HORTICULTURAL GOSSIP.
BY LINUS WOOLVERTON, GRIMSBY, ONT.
The Peach.—I do not see why the scientific names of our fruits should not sometimes be used in our horticultural journals. Students of botany and entomology in their journals are very particular to speak of the different species by their scientific names, and it seems to me that if we were occasionally to do the same in practical horticulture it might advance a scientific knowledge among growers of fruit. Had I headed this paragraph Amygdalus Persica, or Persica Vulgaris, I wonder how many would have at once known that the peach was referred to.

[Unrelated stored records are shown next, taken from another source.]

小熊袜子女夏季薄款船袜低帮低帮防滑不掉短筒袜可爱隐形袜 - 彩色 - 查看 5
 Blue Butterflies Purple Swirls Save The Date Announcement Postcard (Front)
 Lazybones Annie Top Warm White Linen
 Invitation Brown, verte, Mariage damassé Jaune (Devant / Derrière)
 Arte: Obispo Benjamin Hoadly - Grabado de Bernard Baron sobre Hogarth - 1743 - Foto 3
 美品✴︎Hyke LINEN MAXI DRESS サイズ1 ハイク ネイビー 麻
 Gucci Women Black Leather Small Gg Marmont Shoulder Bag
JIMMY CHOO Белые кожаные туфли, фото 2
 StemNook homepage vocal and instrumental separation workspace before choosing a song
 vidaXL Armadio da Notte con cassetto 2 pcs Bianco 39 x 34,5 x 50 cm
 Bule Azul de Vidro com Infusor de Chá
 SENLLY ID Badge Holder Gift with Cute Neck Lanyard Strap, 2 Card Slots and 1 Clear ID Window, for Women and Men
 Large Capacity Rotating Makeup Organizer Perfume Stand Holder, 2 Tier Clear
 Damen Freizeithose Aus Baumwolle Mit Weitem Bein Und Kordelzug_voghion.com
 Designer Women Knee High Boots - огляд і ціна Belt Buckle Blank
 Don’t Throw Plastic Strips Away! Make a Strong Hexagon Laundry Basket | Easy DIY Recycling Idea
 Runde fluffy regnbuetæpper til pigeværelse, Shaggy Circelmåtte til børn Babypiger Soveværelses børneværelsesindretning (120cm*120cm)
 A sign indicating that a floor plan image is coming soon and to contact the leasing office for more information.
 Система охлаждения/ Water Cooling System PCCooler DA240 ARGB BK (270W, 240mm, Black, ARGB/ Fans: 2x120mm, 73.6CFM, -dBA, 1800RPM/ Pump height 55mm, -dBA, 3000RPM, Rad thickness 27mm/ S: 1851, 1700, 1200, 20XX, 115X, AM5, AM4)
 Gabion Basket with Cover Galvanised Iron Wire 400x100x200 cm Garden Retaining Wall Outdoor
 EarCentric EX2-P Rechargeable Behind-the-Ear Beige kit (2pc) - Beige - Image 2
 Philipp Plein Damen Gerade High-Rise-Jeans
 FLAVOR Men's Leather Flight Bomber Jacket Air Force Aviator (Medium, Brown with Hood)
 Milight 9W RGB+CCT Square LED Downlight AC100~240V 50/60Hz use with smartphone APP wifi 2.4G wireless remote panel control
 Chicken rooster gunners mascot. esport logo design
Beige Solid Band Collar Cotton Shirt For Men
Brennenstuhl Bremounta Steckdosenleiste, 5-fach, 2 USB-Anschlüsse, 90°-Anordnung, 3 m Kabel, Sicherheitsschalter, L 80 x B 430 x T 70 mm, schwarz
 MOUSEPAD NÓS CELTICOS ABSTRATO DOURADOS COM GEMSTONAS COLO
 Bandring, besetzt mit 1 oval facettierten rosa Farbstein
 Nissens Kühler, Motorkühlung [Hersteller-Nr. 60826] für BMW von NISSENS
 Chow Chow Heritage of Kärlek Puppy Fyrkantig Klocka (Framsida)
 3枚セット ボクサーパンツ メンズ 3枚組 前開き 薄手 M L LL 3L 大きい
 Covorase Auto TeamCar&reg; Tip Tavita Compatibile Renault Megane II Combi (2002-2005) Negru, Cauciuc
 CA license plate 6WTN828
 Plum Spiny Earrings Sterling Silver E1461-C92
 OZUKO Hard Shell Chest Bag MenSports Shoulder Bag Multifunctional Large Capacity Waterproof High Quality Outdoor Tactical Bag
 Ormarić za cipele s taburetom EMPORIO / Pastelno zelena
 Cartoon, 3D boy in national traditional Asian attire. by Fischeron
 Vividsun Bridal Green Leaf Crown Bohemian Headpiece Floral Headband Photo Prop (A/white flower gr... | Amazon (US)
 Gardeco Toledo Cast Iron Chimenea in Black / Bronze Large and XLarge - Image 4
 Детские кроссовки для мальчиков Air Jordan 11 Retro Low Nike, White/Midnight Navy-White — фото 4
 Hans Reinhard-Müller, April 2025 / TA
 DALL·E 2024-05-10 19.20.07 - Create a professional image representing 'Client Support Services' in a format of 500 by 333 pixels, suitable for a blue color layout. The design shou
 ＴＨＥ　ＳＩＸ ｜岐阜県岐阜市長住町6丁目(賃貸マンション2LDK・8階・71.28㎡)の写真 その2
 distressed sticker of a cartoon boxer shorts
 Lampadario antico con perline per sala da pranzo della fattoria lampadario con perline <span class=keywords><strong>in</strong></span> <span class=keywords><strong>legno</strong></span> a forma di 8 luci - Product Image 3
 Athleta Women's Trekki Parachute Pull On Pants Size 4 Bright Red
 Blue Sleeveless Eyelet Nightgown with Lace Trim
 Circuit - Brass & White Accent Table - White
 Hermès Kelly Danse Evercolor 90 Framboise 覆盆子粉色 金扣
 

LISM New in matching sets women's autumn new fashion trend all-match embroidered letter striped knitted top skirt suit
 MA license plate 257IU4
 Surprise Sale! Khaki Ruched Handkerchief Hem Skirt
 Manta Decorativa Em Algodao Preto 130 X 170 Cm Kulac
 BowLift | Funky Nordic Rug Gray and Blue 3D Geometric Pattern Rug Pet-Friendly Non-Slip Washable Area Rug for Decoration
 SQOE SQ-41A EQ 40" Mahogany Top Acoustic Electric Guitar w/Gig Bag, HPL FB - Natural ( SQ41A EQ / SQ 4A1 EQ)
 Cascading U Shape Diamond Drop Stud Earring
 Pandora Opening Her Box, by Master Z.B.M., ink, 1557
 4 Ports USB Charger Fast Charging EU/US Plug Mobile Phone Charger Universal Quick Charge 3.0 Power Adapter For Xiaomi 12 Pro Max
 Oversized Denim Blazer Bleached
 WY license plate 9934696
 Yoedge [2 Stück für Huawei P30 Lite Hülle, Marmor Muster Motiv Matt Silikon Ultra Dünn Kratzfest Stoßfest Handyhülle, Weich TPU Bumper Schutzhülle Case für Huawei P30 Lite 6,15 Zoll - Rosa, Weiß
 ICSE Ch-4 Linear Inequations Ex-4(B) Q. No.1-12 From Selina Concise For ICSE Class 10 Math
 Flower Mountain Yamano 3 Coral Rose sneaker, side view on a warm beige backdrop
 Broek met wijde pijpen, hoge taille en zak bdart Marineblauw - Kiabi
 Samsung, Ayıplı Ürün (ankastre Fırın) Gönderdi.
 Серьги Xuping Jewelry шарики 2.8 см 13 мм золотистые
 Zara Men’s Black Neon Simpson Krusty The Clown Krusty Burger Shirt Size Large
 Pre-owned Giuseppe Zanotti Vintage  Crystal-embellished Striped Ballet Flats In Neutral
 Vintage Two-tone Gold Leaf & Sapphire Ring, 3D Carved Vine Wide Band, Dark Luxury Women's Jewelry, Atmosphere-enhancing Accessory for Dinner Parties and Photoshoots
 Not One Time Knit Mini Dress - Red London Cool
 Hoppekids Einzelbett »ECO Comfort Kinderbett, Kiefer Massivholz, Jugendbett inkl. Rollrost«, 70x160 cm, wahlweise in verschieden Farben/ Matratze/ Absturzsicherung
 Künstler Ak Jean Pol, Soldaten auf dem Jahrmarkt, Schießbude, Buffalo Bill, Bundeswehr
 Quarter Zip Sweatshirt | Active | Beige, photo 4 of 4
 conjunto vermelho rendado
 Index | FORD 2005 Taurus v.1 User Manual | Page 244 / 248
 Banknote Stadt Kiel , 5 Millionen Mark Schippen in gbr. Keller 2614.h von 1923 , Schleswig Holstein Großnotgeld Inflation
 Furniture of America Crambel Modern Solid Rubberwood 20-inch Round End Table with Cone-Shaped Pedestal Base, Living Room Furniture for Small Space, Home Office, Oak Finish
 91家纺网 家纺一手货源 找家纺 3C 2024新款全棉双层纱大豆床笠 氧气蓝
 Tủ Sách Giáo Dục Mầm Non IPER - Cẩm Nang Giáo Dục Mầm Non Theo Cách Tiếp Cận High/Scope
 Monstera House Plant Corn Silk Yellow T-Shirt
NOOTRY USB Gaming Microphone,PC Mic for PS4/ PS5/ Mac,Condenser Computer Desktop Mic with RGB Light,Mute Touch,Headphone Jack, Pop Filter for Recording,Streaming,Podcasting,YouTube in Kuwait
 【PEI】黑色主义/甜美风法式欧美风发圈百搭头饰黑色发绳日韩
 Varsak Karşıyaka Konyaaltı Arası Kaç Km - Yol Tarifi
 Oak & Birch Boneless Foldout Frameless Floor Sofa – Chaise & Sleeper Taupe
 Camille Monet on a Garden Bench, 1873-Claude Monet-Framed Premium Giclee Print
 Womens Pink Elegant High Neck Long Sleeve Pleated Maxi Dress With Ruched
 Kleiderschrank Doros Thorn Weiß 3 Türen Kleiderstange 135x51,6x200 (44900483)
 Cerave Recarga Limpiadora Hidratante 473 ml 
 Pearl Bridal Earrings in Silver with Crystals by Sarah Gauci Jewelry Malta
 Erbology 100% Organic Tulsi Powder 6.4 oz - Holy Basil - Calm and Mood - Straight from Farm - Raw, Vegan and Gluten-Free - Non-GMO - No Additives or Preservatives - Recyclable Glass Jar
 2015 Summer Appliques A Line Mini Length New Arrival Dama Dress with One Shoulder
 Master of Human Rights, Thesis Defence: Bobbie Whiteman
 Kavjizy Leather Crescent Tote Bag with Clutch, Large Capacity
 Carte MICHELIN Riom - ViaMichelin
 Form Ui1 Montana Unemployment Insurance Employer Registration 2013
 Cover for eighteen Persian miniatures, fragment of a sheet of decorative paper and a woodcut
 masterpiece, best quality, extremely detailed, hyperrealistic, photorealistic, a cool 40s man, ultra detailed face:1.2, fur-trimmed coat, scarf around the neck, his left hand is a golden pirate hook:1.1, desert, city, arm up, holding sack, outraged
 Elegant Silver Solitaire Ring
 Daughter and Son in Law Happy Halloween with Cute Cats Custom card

In point of hardiness there appears quite a difference among the varieties of the peach. The late unusually mild Winter very much developed the fruit buds, and the cold of March 24th, when the thermometer registered 11° above zero, tried them severely. The most valuable variety seems also to be one of the most tender, viz, the Early Crawford; it has suffered much, at least three-fourths of the fruit buds being frozen. The Early Purple, a peach almost unsaleable in seasons of great abundance, is proving itself valuable for its hardiness, its fruit buds being perfectly intact; nor is this the first time this variety has escaped when the Crawford has succumbed to a Canadian Winter. Next in hardiness comes the Early Beatrice, and after it, perhaps, the Hale’s Early. The old Mixon is quite as tender as the Crawford, and indeed I think more so.
Peach Crates.—The bushel crate usually accepted in Grimsby has the ends 8×14 inches, and the sides 24 inches long; while the three-peck crate is of course 6 inches wide, instead of 8 inches, or just ¾ of the bushel size. Complete uniformity in measure of all fruit packages is very much to be desired. Certainly packages holding short measure never brought permanent profit to the shipper using them, while more frequently they bring him well merited disgrace.
Ladders for Peach Picking.—Of course nothing is so useful in a peach orchard as a good supply of step-ladders, but where these are counted too expensive, a very simple contrivance may prove very serviceable among large trees. It consists of one stout pole morticed into a base made of scantlin, and having rounds for climbing, as is shown in the engraving. A rainy day in Spring-time would suffice for making several of these, and they will prove very light and serviceable when the busy season of picking comes on. They can be used in trees where a two barred ladder would be useless, for the end of the pole will rest in any crotch with perfect safety.